## Information:
=== Begin Enclosure ===
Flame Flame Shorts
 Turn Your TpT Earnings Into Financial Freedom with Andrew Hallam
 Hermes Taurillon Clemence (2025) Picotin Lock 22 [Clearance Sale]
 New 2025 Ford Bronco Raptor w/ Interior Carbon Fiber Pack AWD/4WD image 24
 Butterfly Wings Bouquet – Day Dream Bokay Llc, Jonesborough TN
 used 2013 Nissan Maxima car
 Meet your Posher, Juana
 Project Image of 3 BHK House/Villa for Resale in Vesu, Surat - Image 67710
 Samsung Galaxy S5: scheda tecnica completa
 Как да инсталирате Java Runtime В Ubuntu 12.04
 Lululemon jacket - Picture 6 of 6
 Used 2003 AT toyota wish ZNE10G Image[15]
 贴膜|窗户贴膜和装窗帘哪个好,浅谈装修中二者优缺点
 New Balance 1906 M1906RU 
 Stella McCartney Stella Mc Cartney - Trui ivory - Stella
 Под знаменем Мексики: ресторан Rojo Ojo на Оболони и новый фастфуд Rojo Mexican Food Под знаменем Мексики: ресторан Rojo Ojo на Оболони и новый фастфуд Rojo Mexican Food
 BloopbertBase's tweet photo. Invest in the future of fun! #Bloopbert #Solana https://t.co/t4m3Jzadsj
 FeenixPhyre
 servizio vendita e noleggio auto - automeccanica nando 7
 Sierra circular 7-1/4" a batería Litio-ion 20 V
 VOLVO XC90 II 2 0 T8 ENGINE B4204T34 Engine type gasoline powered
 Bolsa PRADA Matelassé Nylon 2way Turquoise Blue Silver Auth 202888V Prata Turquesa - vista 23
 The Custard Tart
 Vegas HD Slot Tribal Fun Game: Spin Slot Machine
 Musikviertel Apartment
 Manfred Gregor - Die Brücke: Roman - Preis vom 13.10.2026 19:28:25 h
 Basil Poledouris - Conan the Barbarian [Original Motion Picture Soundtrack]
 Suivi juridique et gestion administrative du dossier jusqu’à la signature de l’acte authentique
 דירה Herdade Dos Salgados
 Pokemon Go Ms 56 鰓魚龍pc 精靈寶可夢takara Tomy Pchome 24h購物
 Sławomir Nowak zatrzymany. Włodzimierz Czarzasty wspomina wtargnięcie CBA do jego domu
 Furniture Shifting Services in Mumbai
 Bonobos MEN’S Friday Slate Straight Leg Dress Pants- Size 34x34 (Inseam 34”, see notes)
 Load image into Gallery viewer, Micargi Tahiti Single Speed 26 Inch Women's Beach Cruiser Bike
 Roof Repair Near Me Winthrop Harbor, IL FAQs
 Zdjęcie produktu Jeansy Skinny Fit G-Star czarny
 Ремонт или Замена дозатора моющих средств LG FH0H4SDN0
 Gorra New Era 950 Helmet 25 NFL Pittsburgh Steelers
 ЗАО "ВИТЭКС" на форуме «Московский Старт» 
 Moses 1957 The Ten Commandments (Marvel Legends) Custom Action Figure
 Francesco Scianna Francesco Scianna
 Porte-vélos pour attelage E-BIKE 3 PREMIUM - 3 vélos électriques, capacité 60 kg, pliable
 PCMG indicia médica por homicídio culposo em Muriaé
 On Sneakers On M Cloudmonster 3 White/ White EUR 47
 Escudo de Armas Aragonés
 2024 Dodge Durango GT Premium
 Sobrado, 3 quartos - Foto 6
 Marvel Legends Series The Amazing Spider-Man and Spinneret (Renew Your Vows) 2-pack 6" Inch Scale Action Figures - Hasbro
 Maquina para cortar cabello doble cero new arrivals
=== End Enclosure ===
## Activity:
If a line in the data holds the string "Action", copy that line.

## Response to this exercise:
 Moses 1957 The Ten Commandments (Marvel Legends) Custom Action Figure
 Marvel Legends Series The Amazing Spider-Man and Spinneret (Renew Your Vows) 2-pack 6" Inch Scale Action Figures - Hasbro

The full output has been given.